|
|
|
|
|
by mannykannot
2802 days ago
|
|
Thanks for bringing this to my attenton. In that article, however, it says for neural nets: V is the set of nodes. Each node is a simple computation cell.
E is the set of edges, Each edge has a weight.
....
If the activation function is the sigmoid function and the weights are general, then the VC dimension is ... at most O(|E|^2.|V|^2) [apologies for the crappy formatting] While Someone's quote from the article seems to be suggesting something exponential in the number of edges. |
|
Given the huge range between that upper bound and the lower bound of Ω(|E|²), chances are that upper bound is far from tight (https://en.wikipedia.org/wiki/Upper_and_lower_bounds#Tight_b...).
Also, one line below the O(|E|².|V|²) you quoted:
”If the weights come from a finite family (e.g. the weights are real numbers that can be represented by at most 32 bits in a computer), then, for both activation functions, the VC dimension is at most O(|E|)”
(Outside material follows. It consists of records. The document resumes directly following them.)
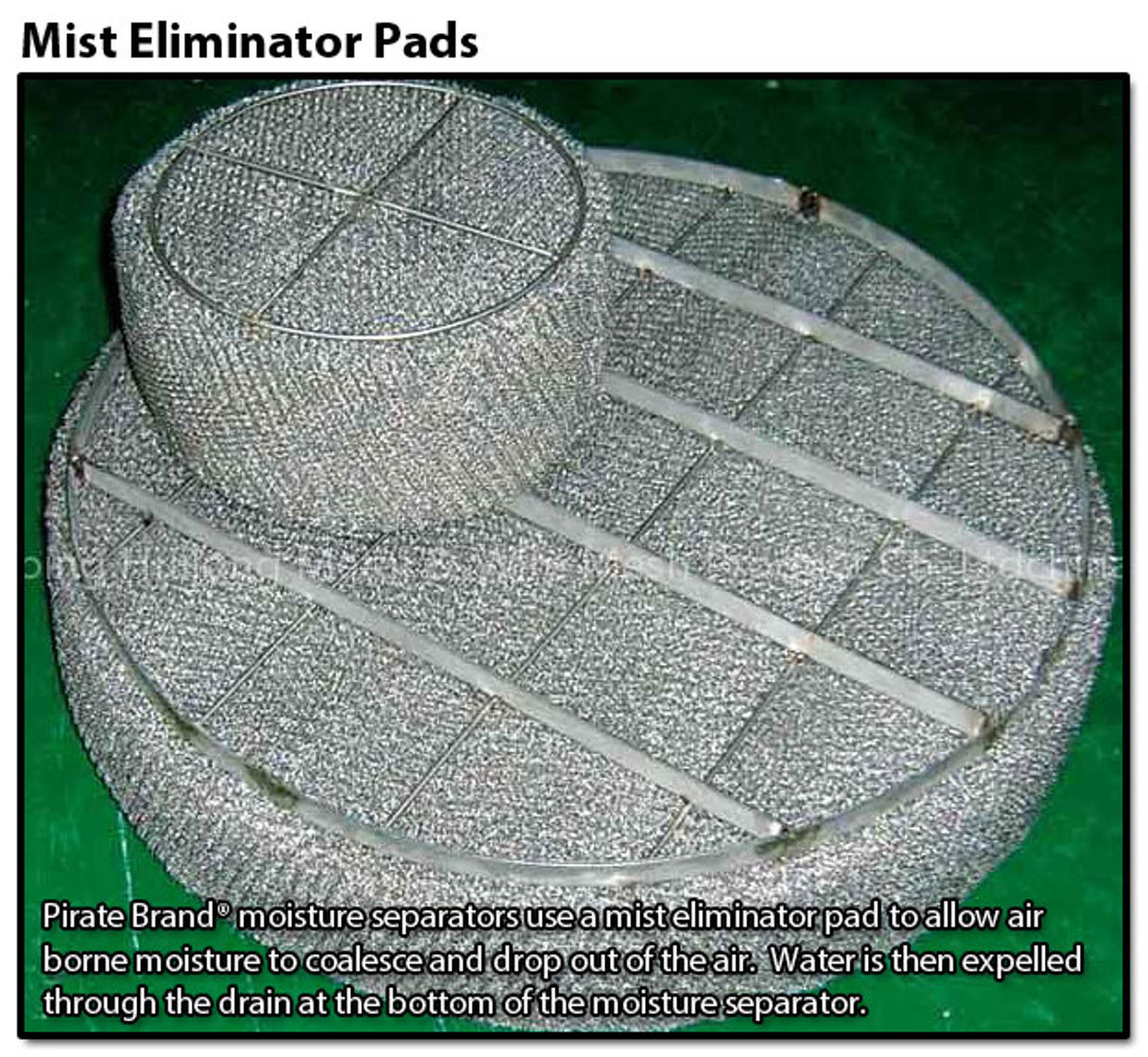 Pirate Brand - Schmidt Mfg Style, Moisture Separator 800 CFM Flange Mounted, 150 PSI (10.3 BAR), (2) 2" x (2) 1-1/2" (Painted)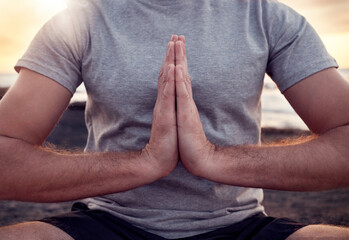 Prayer, hands or praying in yoga meditation exercise or body training with peace, gratitude or...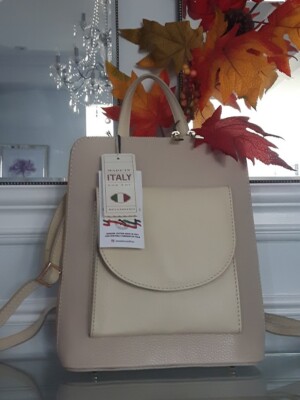 DIVINA FIRENZE Natural Leather Ivory Handbag/Backpack (Italy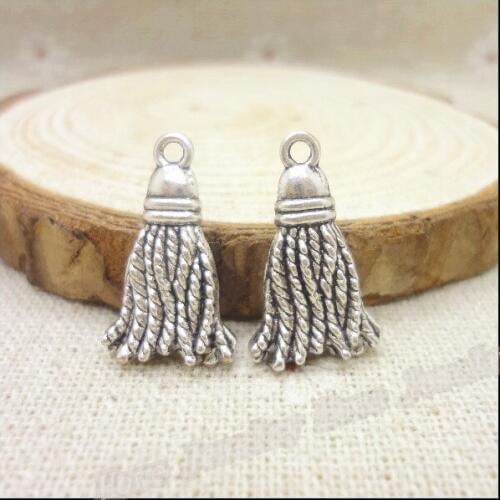 Free shipping! 50pcs Vintage Charms Broom Pendant Antique silver Fit Bracelets Necklace DIY Metal Jewelry Making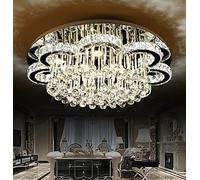 Euroton - Lampadario a sospensione LED, 80 cm, con telecomando, luce bianca fredda e neutra, sostituibile, cristallo K9 trasparente di lusso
Of course, they may use a different activation function, in which case that mathematical statement doesn’t apply, but I would think it’s more unlikely that applies than the claim made on the article we’re discussing.
For example, it would hugely surprise me if using an activation function that isn’t increasing or that has many large discontinuities behaves a lot better than the sigmoid surely used.